Actionable Suggestions:
The authors are strongly encouraged to attempt a more quantitative uncertainty analysis. If a fully spatialized product is infeasible, a differentiated discussion of uncertainty levels for different periods and regions (e.g., developed vs. developing countries) should be provided.
Ideally, the published dataset should include per-grid-cell uncertainty estimates, which are critical for downstream users employing this data in models.
Conclusion
In summary, while the concept and global totals of the HaPi dataset are impressive, the issues with its spatial data foundation, temporal dynamics representation, and spatial validation significantly constrain its reliability for applications in regional ecology, environmental management, and models coupled with remote sensing. These are not minor textual issues but fundamental methodological concerns affecting the core quality of the dataset.

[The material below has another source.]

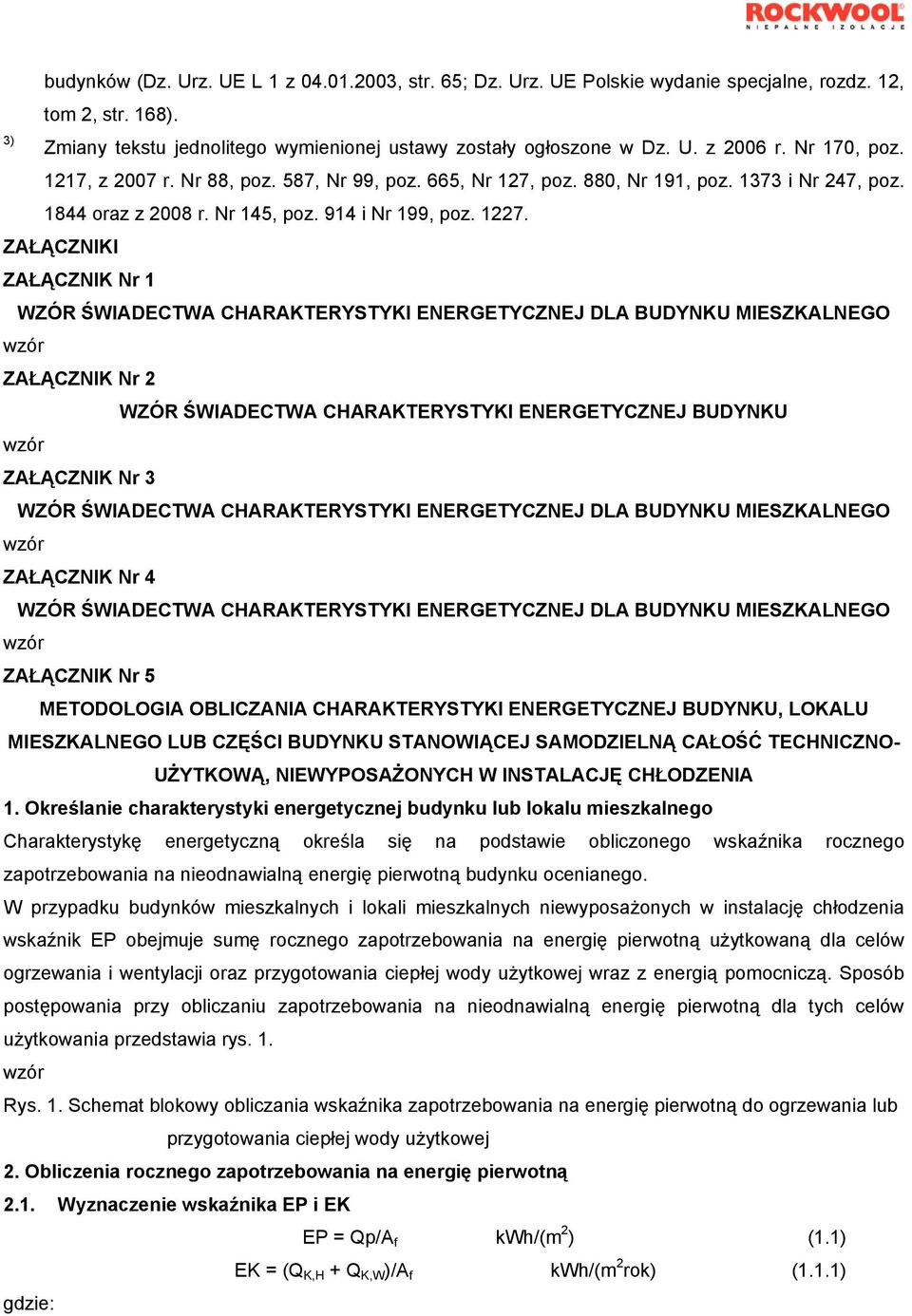 ZAŁĄCZNIKI ZAŁĄCZNIK Nr 1 WZÓR ŚWIADECTWA CHARAKTERYSTYKI ENERGETYCZNEJ DLA BUDYNKU MIESZKALNEGO wzór ZAŁĄCZNIK Nr 2 WZÓR ŚWIADECTWA CHARAKTERYSTYKI ENERGETYCZNEJ BUDYNKU wzór ZAŁĄCZNIK Nr 3 WZÓR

Therefore, I recommend Major Revision. The authors must undertake substantial revisions to:
Systematically evaluate the land use data against remote sensing products.
1.Quantify the impact of the static fertilizer rate assumption via sensitivity analysis.
2.Provide robust, spatially-explicit validation using remote sensing proxies and regional case studies.
3.Deliver a more quantitative and spatially-informed uncertainty assessment.
4.Only after addressing these core issues can the HaPi dataset become a truly reliable and powerful tool for the remote sensing ecology community and related fields.